ISCAP Proceedings: Abstract Presentation
Leveraging Open Source for Applied Teaching & Research in 5G Networks
Kyle Cronin
Dakota State University
Michael Ham
Dakota State University
Abstract
Dakota State University has a longstanding history of involvement in the National Security Agency’s Center of Academic Excellence in Cyber Operations (CAE-CO) program. This program ensures that designated institutions follow a rigorous, technical, applied cybersecurity curriculum. One particular challenge in the programs required knowledge units has been the Cellular and Mobile Communications requirement.
Cellular and Mobile Communications, with a basis in radio frequencies, is traditionally housed within engineering departments. RF having its traditional foundations in electrical engineering, becomes a challenge for traditional applied teaching. In the case of the CAE-CO program, the knowledge units are written such that an applied knowledge of the wireless communication is expected, but the math basis does not exist. This has left programs with the challenge: how do institutions deploy lab environments that can accommodate cellular environments outside of math-intensive programs.
While cellular infrastructure is available for purchase, the complications in deployment (let alone expense) generally exceed what is available in a university classroom environment. Luckily, open source solutions exist that may provide for hands on work within a 5G wireless environment. Many solutions have existed that provide the 5G network core, allowing data transmissions or calls to be simulated, however providing the Radio Access Network (RAN) has often been a major limitation.

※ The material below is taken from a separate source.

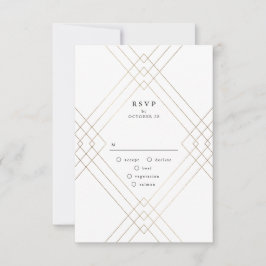 Guld Rosa Elegance Diamond Geo Deco Bröllop OSA Kort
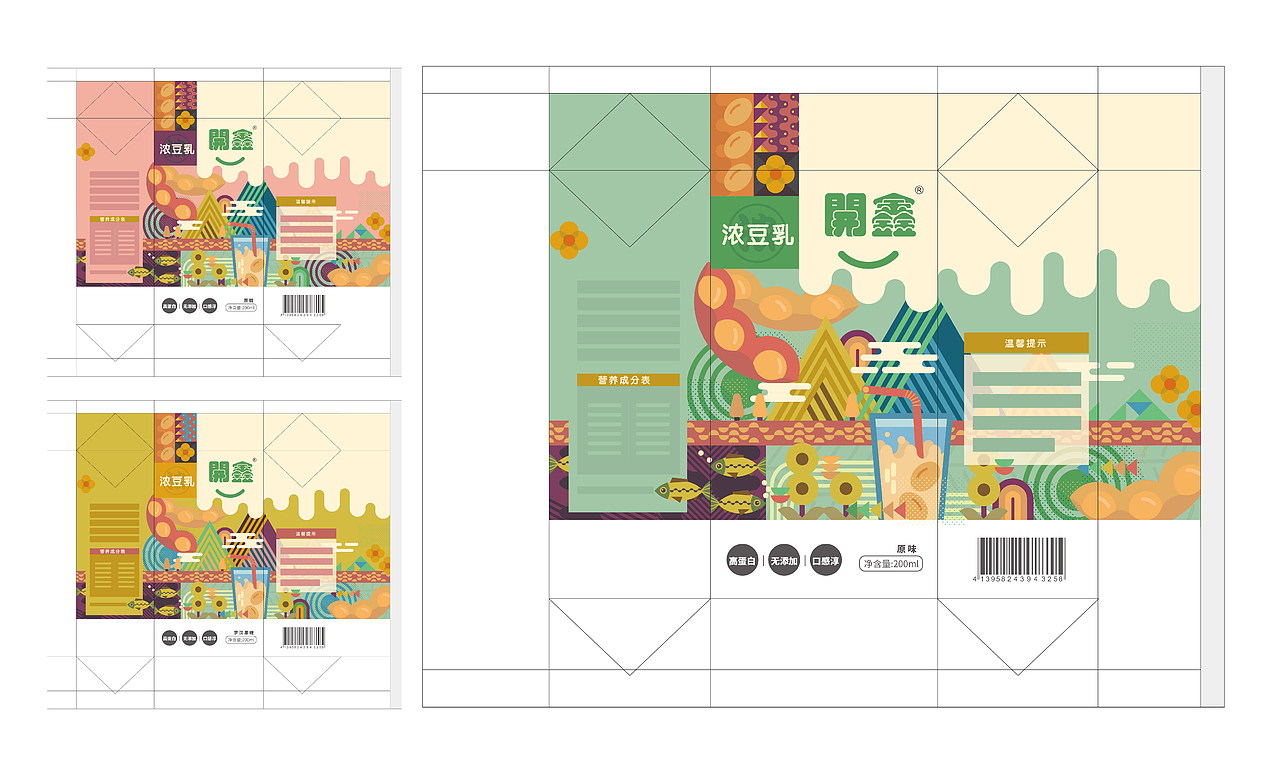 開鑫浓豆乳｜符号化产品包装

DSU has implemented a solution leveraging OpenAirInterface which allows students to explore 5G network core components, as well as the inter-communication protocols, in addition to seeing real-world wireless connections if the software defined radio (SDR) hardware is available. This has provided for a low cost solution that is able to be scaled on commodity computers in the classroom. The implementation of this platform has helped achieve the following pedagogical outcomes:
• Student generate actual wireless connections from a 5G cellular device to a demo 5G Radio Access Network
• Students operate the necessary components of the 5G network core
• Students are able to generate scenarios in which a 5G network core may be compromised
This availability has proven to ease the burden of providing the necessary infrastructure, yet still allowed students to have a hands on learning environment. Some costly components (software defined radios and 5G capable phones) are still required, however they may be leveraged for other teaching and research activities whereas dedicated 5G hardware cannot be repurposed.
With a 5G network in operation, students are able to explore the communications that exist within the components of the network core. Often, students are unaware of the simple protocols that are in use between the components (http2) and how they are often unsecure as they frequently do not enforce inter-component authentication. Students are then able to demonstrate the steps that an attacker could use in order to disclose information or disrupt the network.
To provide broader awareness of teaching within this technical area, we will discuss how we build these environments and the activities students partake in to learn how networks function around us.